The easiest, laziest, most elegantly schlocky way to accomplish this is to use my method of throwing a gram of champagne yeast into 2 litres of juice. (This actually works with any juice that has at least 20 grams of sugar per serving and is free of preservatives.) Just pour the yeast in a (clean) bottle with the juice, pop on an airlock, and let it go for a couple of days. The article linked above can walk you through details like how to calculate A.B.V., but it's really quite simple. If you want to greatly decrease the chance of off-flavours, add a crushed Campden Tablet (or a portion of a tablet, depending on your volume) to the juice before adding the yeast. This will kill any wild yeast you might have floating around in there (which can mess up your flavour profile), but won't "sterilize" your fresh apple juice.

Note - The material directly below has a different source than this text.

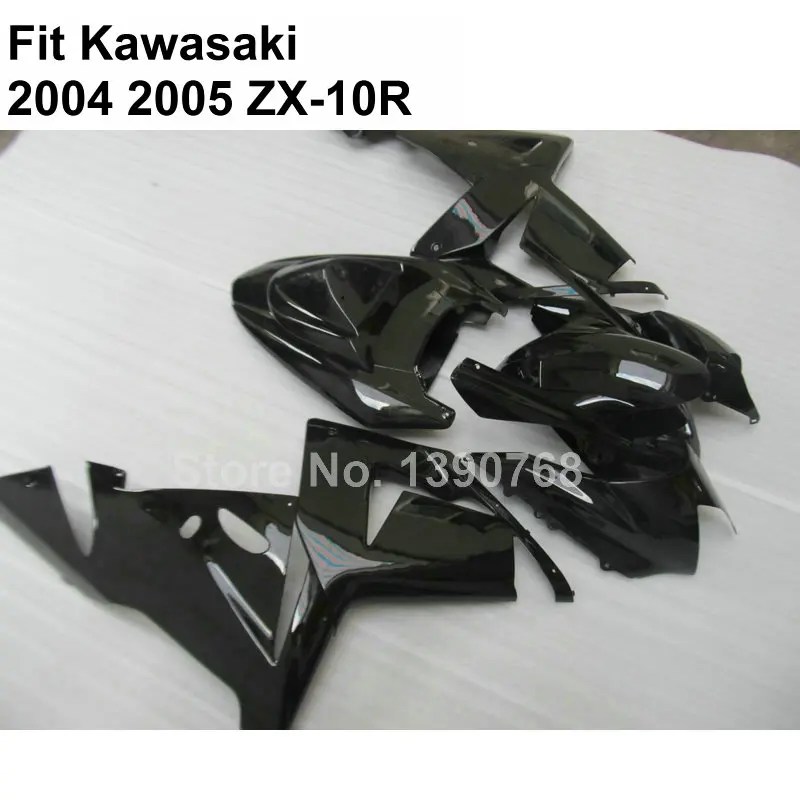 Hot sale fairings for Kawasaki Ninja ZX10R 2004 2005 glossy black ZX-10R 04 05 fairing kit 7 gifts KO58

If you wish to enjoy a more, ahem, refined product, HowToMakeHardCider.com is your new best friend. On it, Jessica Shabatura will gently guide you through the whole process, from sterilization, to choosing the right yeast, to carbonation and bottling. Her method is slightly more complicated than mine (and requires a few more ingredients and supplies), but the outcome is more certain.
So, how do you like them apples? (Sorry, but I've been waiting over a thousand words to say that.) Whether in pies, eaten fresh, or fermented into hard cider, apples are the fruit that keeps on giving. I still don't think they were worth getting kicked out of Eden for, but they definitely aren't boring...as long as you stay away from that @%$USing Red Delicious.